(What to do):
Everything in the records below from the line containing "Stetsbar PROIII STOPTAIL" through the line containing "Quạt không cánh" is to be reproduced exactly, those two lines included; no picture is to be copied.

(Information provided):
[Start of section]
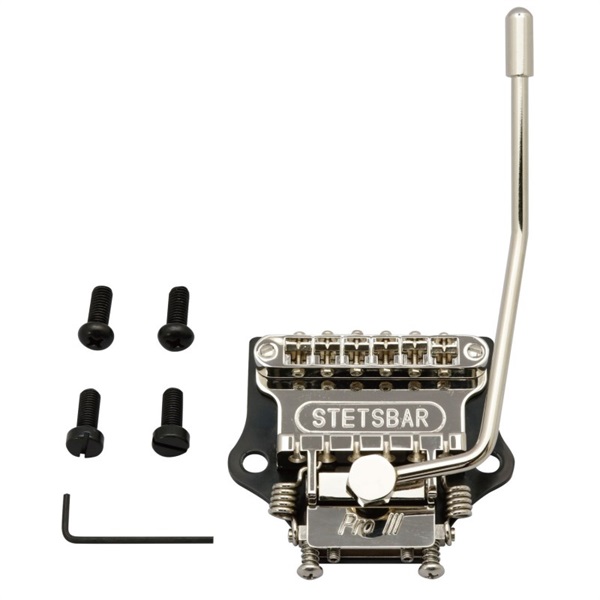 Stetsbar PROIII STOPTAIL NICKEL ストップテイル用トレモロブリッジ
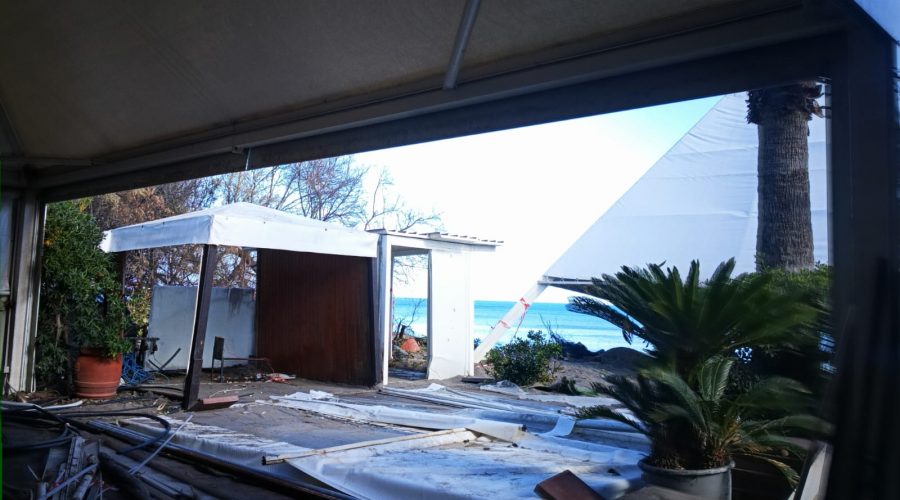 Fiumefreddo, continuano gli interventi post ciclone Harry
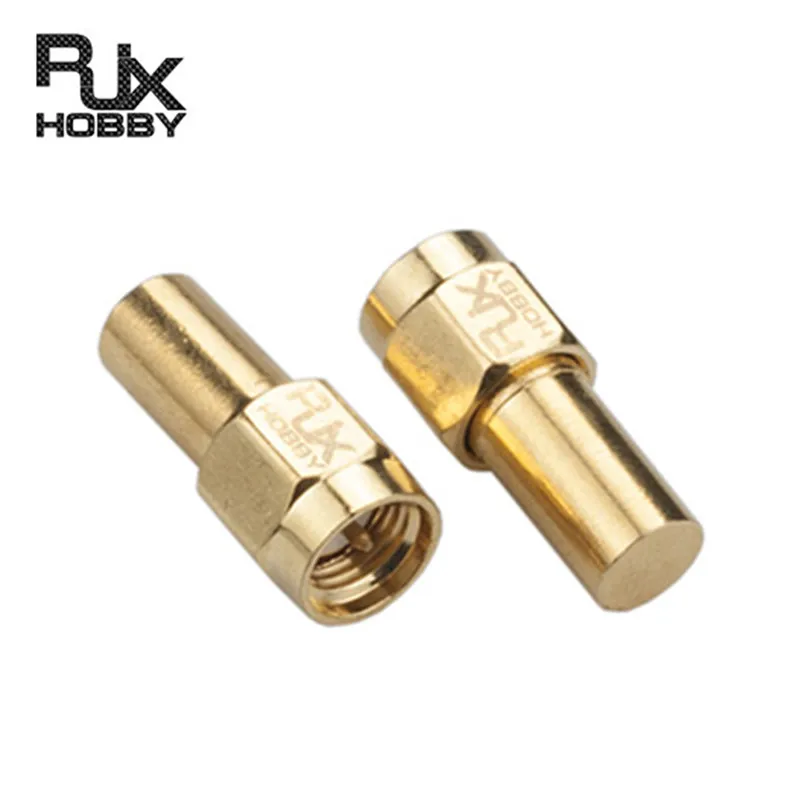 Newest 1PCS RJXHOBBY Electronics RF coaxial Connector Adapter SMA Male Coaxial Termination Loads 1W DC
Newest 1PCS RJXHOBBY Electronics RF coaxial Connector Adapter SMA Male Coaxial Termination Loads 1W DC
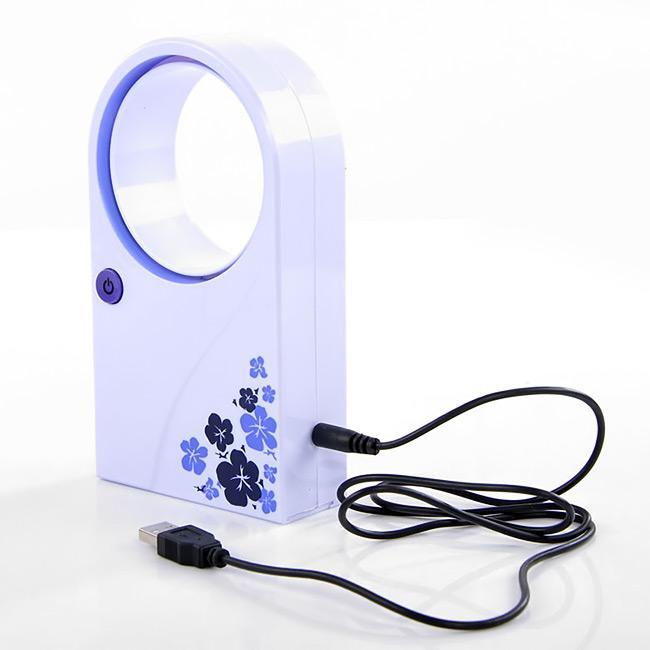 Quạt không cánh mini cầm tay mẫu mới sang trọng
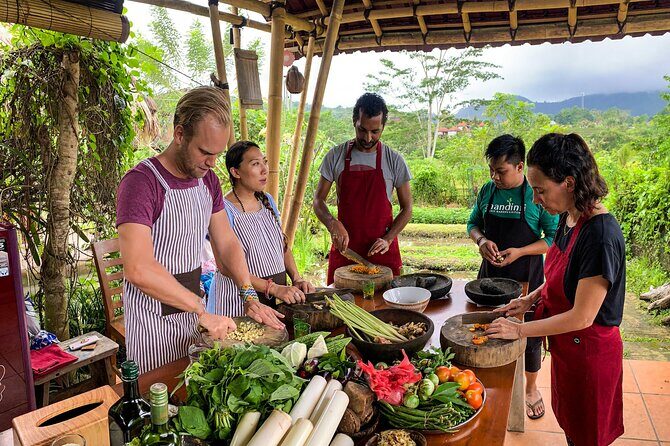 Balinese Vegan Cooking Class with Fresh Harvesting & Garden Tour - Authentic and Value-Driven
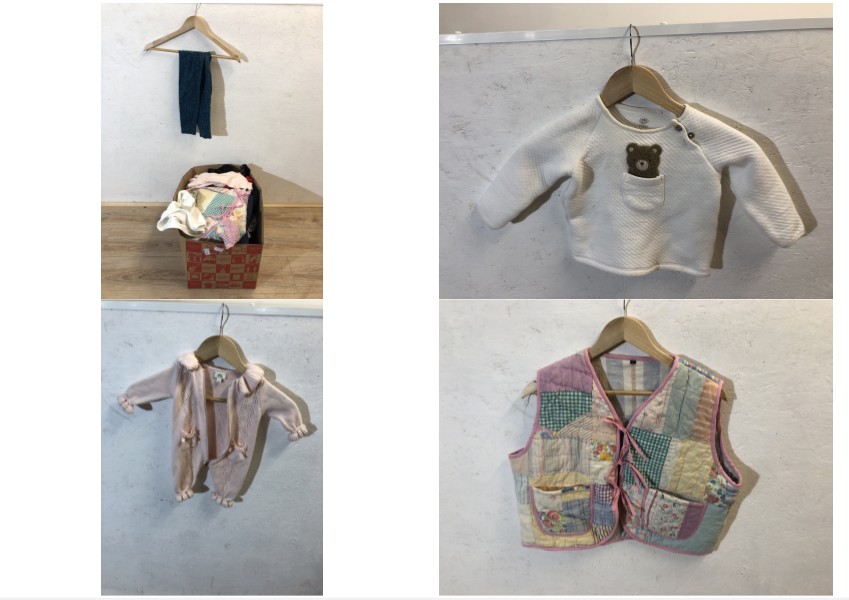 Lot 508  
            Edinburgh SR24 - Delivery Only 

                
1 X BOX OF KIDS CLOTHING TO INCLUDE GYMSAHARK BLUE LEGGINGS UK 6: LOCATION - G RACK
[End of section]
[Start of section]
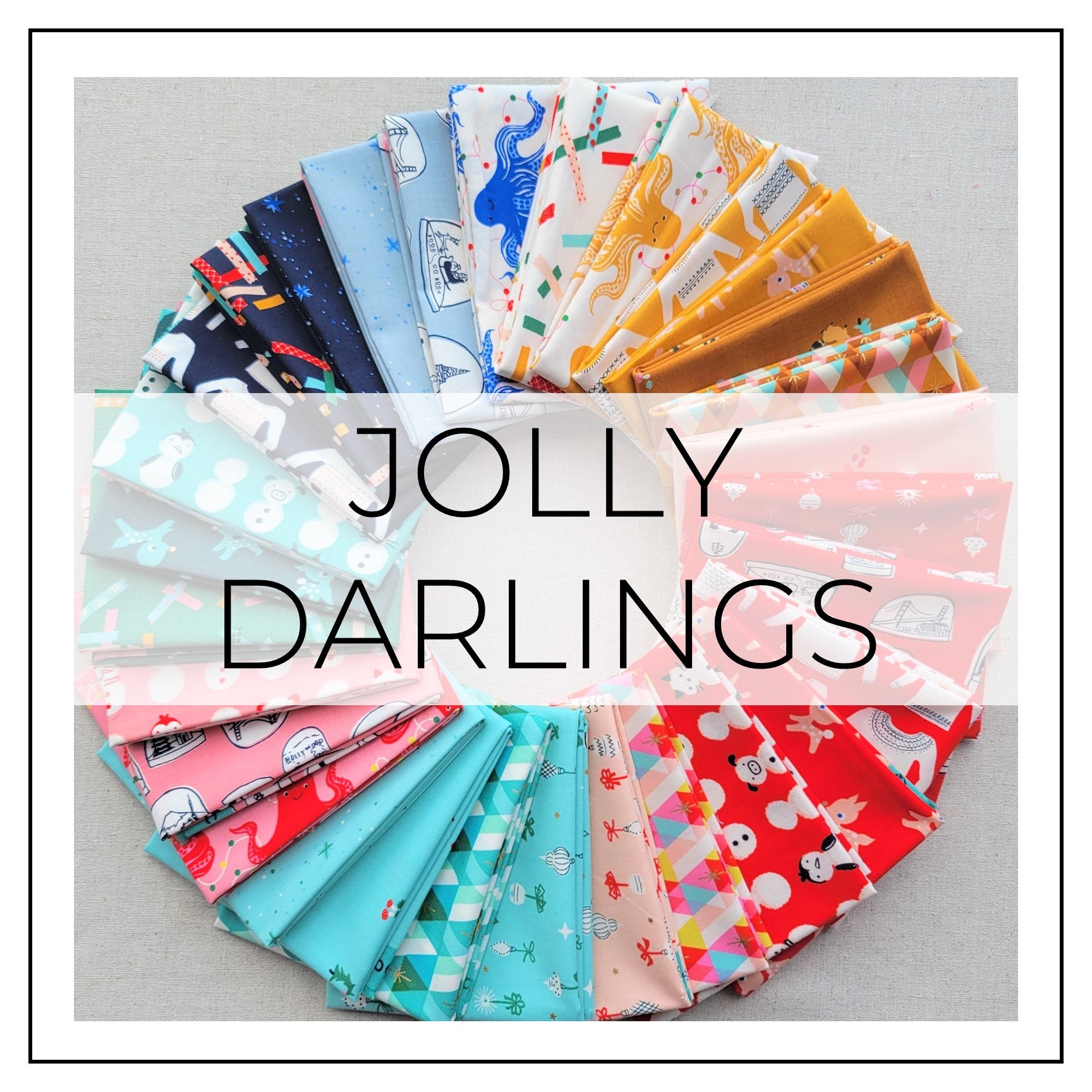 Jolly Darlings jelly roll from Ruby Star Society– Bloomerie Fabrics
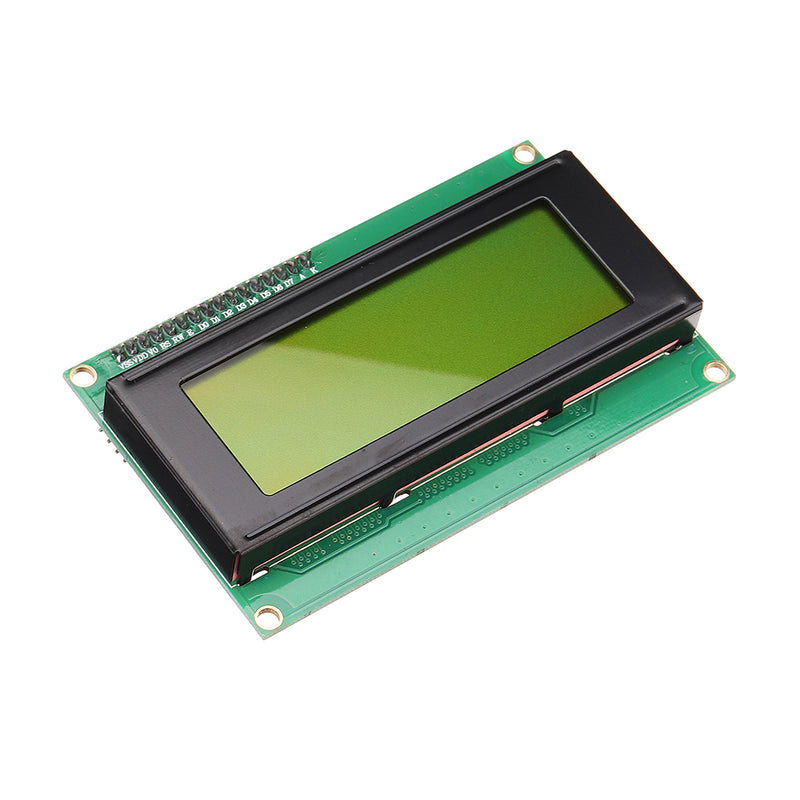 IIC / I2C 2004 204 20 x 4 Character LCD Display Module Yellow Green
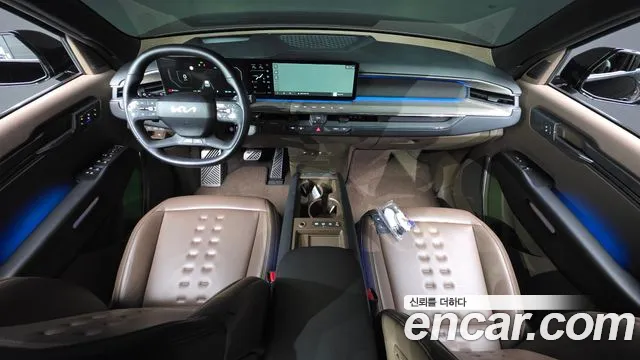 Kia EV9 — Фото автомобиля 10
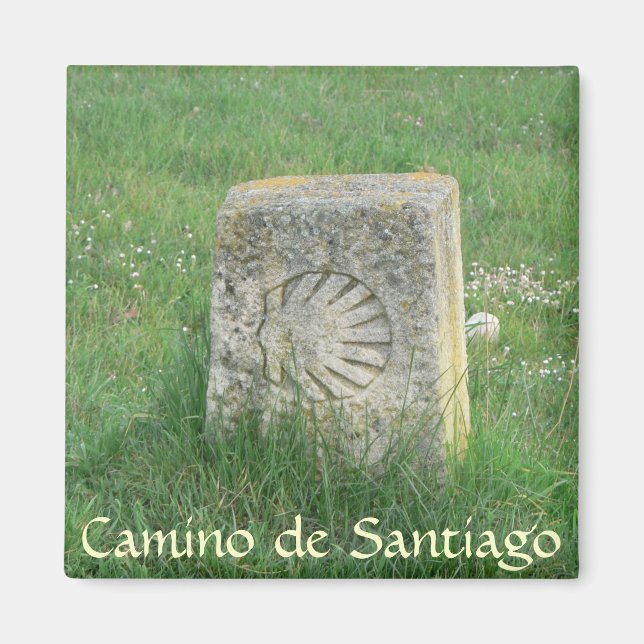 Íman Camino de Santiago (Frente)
[End of section]
(Reply):
 Stetsbar PROIII STOPTAIL NICKEL ストップテイル用トレモロブリッジ
 Fiumefreddo, continuano gli interventi post ciclone Harry
 Newest 1PCS RJXHOBBY Electronics RF coaxial Connector Adapter SMA Male Coaxial Termination Loads 1W DC
Newest 1PCS RJXHOBBY Electronics RF coaxial Connector Adapter SMA Male Coaxial Termination Loads 1W DC
 Quạt không cánh mini cầm tay mẫu mới sang trọng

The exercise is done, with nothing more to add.